もちろん相続人の廃除は正当な事由が必要です。具体的には下記の内容が該当します。
- 被相続人に対し虐待をした
- 被相続人に対し重大な侮辱を加えた
- その他の著しい非行があった(被相続人が相続人に代わり多額の借入を返済するケースや精神的苦痛を受けた場合など)
遺言執行者の選定
遺言書の内容通りに相続手続きを行ってくれる遺言執行者を選定することが可能です。例えば法定相続人以外の第三者に財産を相続させたい場合、相続人にとっては相続できる財産が減ることになります。
それをさせまいと遺族が第三者に対し圧力や嫌がらせを行うこともあります。しかし遺言執行者がいれば仲介役のような立場で、遺言内容通りに遺産相続するよう取り計らいます。
後見人の指定
法定相続人が未成年者でかつ親権者が不在となる場合、第三者を後見人に指定し財産管理を委ねることが可能です。例えば父親と未成年の子どもの2人暮らしである場合、父親が亡くなった際は子どもが相続人になります。

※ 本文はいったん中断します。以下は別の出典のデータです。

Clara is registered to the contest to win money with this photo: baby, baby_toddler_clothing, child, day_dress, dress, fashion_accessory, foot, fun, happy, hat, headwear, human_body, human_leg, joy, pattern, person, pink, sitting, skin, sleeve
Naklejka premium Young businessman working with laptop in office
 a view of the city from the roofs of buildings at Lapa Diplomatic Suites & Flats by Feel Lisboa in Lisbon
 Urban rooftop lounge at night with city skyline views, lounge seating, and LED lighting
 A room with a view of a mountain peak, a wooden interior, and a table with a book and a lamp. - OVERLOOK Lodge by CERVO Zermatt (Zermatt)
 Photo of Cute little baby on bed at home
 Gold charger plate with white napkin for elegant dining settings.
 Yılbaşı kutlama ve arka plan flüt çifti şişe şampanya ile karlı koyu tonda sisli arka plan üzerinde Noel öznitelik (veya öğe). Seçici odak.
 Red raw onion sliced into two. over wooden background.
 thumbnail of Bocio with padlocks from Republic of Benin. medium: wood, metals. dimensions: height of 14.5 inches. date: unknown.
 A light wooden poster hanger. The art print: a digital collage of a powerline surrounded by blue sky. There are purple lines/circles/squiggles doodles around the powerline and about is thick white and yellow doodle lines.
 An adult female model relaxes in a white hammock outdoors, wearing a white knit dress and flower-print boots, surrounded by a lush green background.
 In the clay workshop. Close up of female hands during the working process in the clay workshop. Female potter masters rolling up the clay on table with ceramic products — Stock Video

しかし子どもが未成年者の場合、財産管理能力が無いと判断されるため後見人が必要となります。そんな時のため、被相続人が遺言で後見人を指定することが可能です。
【関連記事】遺産相続で成年後見人が必要なケースは?選ぶ流れや費用、注意点を解説
遺産分割の禁止
遺言書があれば最長で5年間、遺産分割を禁止することが可能です。遺言書がなければ相続人全員で話し合いを行う遺産分割協議にて財産の分割方法を決めます。
しかし、いざ財産を目の前にすると相続人同士でトラブルになることも多いです。その結果誰がどの遺産を相続するかで裁判になることも多く、相続人同士の関係が悪化してしまうことにもつながりかねません。
しかしあらかじめ遺言書で遺産分割協議を禁止することにより、相続人で争うことを防ぐことが可能となります。
【関連記事】不動産を遺産分割する方法とそのポイントを解説
非嫡出子の認知
結婚されていない方との子どもである非嫡出子(愛人の子どもなど)が相続権を得るためには、注意が必要です。非嫡出子は、認知されて初めて相続人となることができます。
その子どもの生物学的父親の認知は、遺言によるものでも効力があります。
遺言書が及ばない効力とは
これまで遺言書の効力について紹介しましたが、必ず遺言通りに遺産分割できるとは限りません。具体的にどのような場合に効力が及ばないのかについて紹介します。
遺留分を侵害する内容
遺言内容に遺産分割を記載した場合であっても、法定相続人には最低限財産を取得できる遺留分があると主張することが可能です。
例えば、遺言内容に「長男に全て財産を相続させる」という内容を明記したとしても、次男は遺留分に応じた金銭を長男に請求することが可能です。(遺留分侵害額請求)
そのため遺言内容通りに遺産を相続させることはできない可能性もあります。ただし兄弟姉妹の相続人には遺留分がないため考慮する必要はありません。
子の認知以外の身分について
遺言によって相続発生後の身分関係の変更を指定することはできません。例えば「養子縁組を結んで遺産相続させる」「死後は配偶者と婚姻関係を解消する」などです。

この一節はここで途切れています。